I whipped up a quick proof of concept for this idea, and put it on bitbucket. It’s just a single python file, not well documented, and a lot of the underlying mechanisms are implemented very poorly. But it was really just to see how well it would work.
I used a five-hundred-twelve bit ID, using three hash functions. If I knew more about bloom filters, I could probably figure out the ideal number of hash functions, but this will suffice for a prototype. The hash functions perform over four-thousand iterations of SHA-512 which makes any kind of guess and check attack against the attributes in an identifier a lot slower than just a single hash.
I also put together a demo identifier for myself.

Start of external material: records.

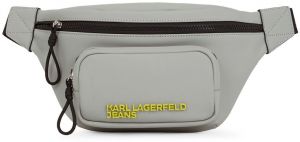 KARL LAGERFELD JEANS Ľadvinka  sivá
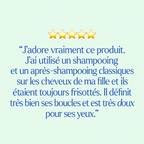 Shampoing Enfants Doux – Only Curls Little Curls Super Shampoo (200 ml)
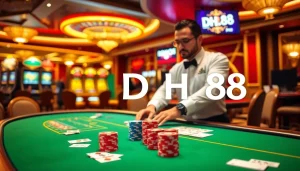Experience excitement at DH88 casino with vibrant tables and thrilling games.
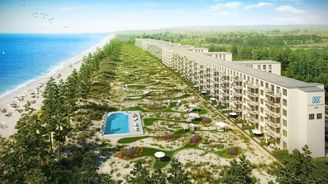 Prora: V ruinách Hitlerova plážového projektu roste luxusní rezort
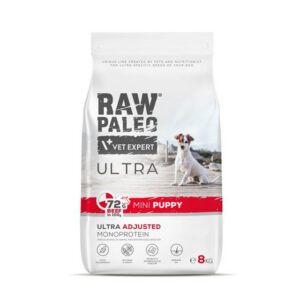 Raw paleo kutsika täissööt ultra mini veis 8kg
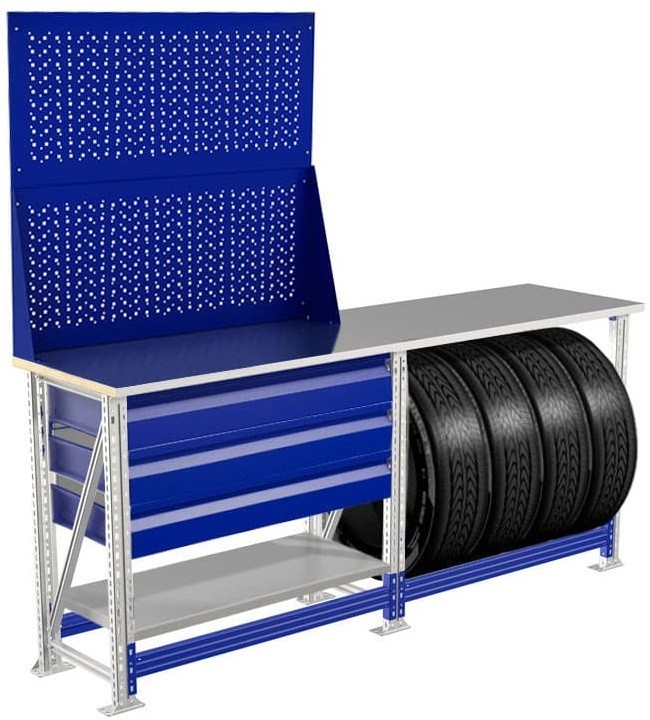 Верстак Master MT100.MF1 / MF1 / MF1.321.000  Верстак Master MT100.MF1 / MF1 / MF1.321.000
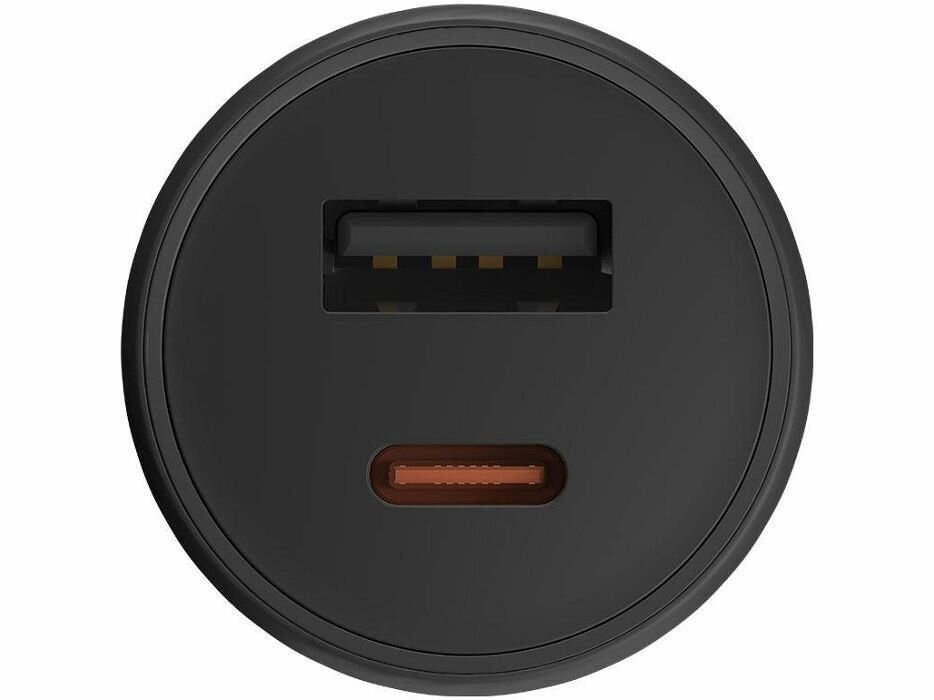 Автомобильное зарядное устройство Xiaomi Car Charge 1A1C 43W — фото 1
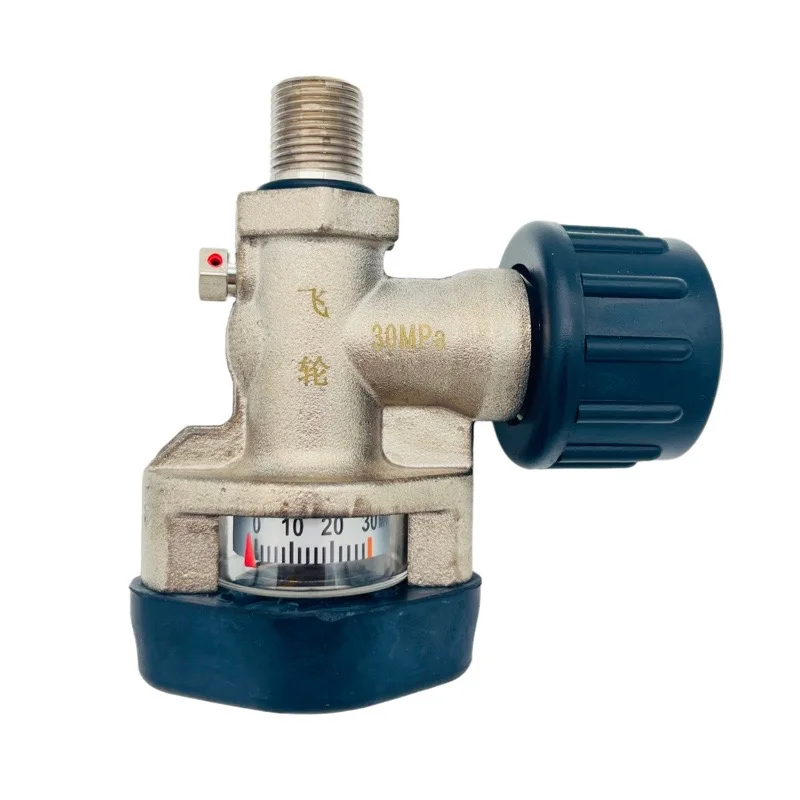 KHF-30A SCBA apparatus air breathing valves with G5/8 outlet thread scba valve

I’m not sharing the attributes I put into it because some of it is personal information, but in base64, the identifier looks like this:
Out of the five-hundred-twelve bits, two-hundred-forty-one of them are set, which is a density of about forty-seven percent.
At first, that seemed like a lot. In the extreme case, if I filled up the entire array with set bits, then there’s only one identifier (0xFFFF…..F). But then I did the math, and it turns out there’s something like ten to the power of one-hundred-fifty-two ways for two-hundred-forty-one out of five-hundred-twelve bits to be set. That’s a lot of available identifiers!
For reference, that identifier includes both full and partial names for myself, my wife, my son, my two siblings, my parents, all four of my grandparents, and my wife’s parents, plus birthdays and locations for myself, my son, and my siblings. I think that’s plenty to uniquely identify me, but probably doesn’t provide a lot of alternative paths for finding me.
In the future, I’ll probably add some additional information, like places I’ve worked, schools I’ve attended, places I’ve lived, etc. Some other attributes, like people I’ve known, might have some interesting uses as well. And since I’ve still got a lot of overhead before I start getting into the realm of limited available identifiers, why not?
The more attributes you add to your identifier, the more likely your set will yield false positives. The more you add, the more bits are set, so the more likely that the bits corresponding to some other attribute will also be set by coincidence.
But that’s not actually a bad thing. Anybody who knows information about you can still confirm whether or not an identifier has that information (again, there are no false negatives), but somebody who is trying to guess information about you from your identifier is liable to come up with a bunch of false positives. They may find that my identifier “contains” the name “Brian”, but it may also “contain” the names “Fred”, “Tom”, “Susan”, and “Bangalor-3 of the Trogdorth Empire”.